The complaint about the Church-Turing thesis and ambiguity all seems off base. Of course a part of an interacting system isn't a program. It's a coprogram, operating on codata (see Atkey and McBride, 'Productive Coprogramming with Guarded Recursion').
>> What actually goes wrong if I try to simulate life? Every high-level contradiction means that some detail doesn't work the way it's expected.
> That is again framed in your paradigm.
You keep using this word. I do not think it means what you think it means. Paradigm shifts as Kuhn described come about because a great accumulation of observations that cannot be adequately modeled in the previous framework.
Coming back to your presentation, I have some serious qualms. First, let's dispose of "engineering" since everyone besides engineers busy doing it seems to have some idealized idea of what it is. My father, a civil engineer, always told me it was doing a particular kind of work in a way that you would be able to stand up in court and defend it.

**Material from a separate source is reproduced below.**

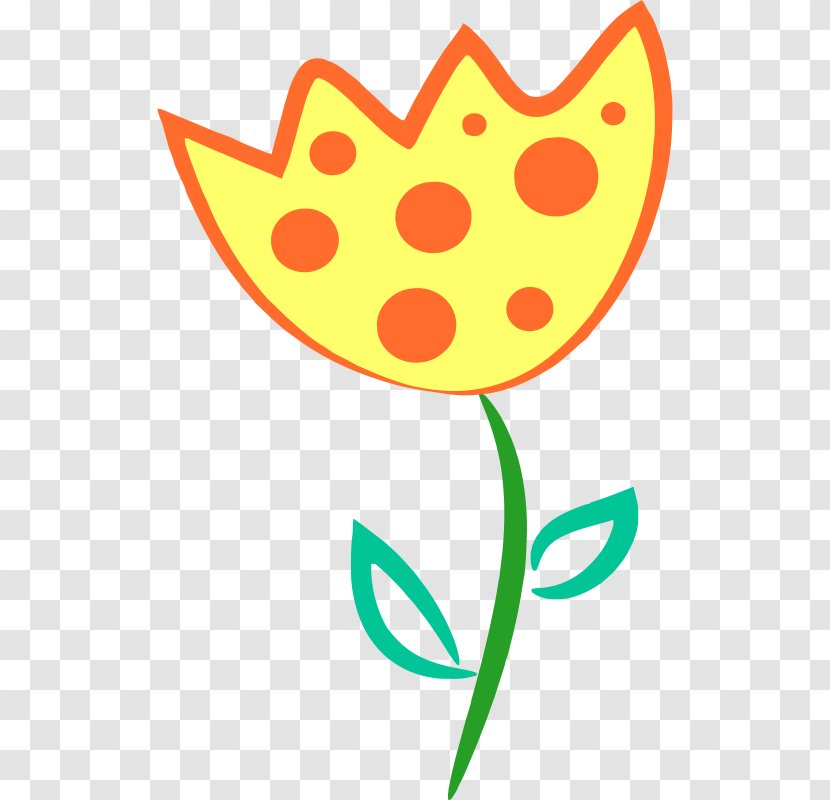 Drawing Flower Tulip Petal Plant Stem - Yellow - Clipart Transparent PNG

"Modern science assumes reductionism" is one of those things that I have heard for decades and no one has ever made good on the statement. Either it means we model in terms of only some of the properties of the system and ignore others in which case the only good answer is: of course, and the map (the model) is not the territory; or it means that modern science models only in terms of describing a thing as composed of a more fundamental set of things and so forth, in which case, yes, small parts of modern physics, chemistry, biology, etc. are devoted to trying to link the models of their field to the models of another field, but most aren't, so it's just wrong.
Then there's stuff about design, which is simply not well posed enough to say anything about. It's being contrasted to some fictional ideal of engineering, and saying "a roc is larger than a unicorn" is not a particularly useful statement. And in places it is clearly contradictory, such as slide 6 where you say "Defies explanation" and "Can be modeled with category theory." It's one or the other. And usually good design does not defy explanation. If you ask a the designer, they can probably tell you exactly how they ended up with what they have and why. I can certainly do so for the novel and short stories I wrote, the sonatas and art songs I have written, the furniture I have built, and the software I have produced.
I would suggest that if you haven't managed to pick out something you can explain clearly from Rosen yet, it may not be worth your time. There are rabbit holes that are utterly beguiling. Developing physics from information theory is another of them. The lesson is that the dawning feeling that you often feel just before a jump in understanding need not always presage such a jump. It may just be a will-o-the-wisp leading you into a swamp.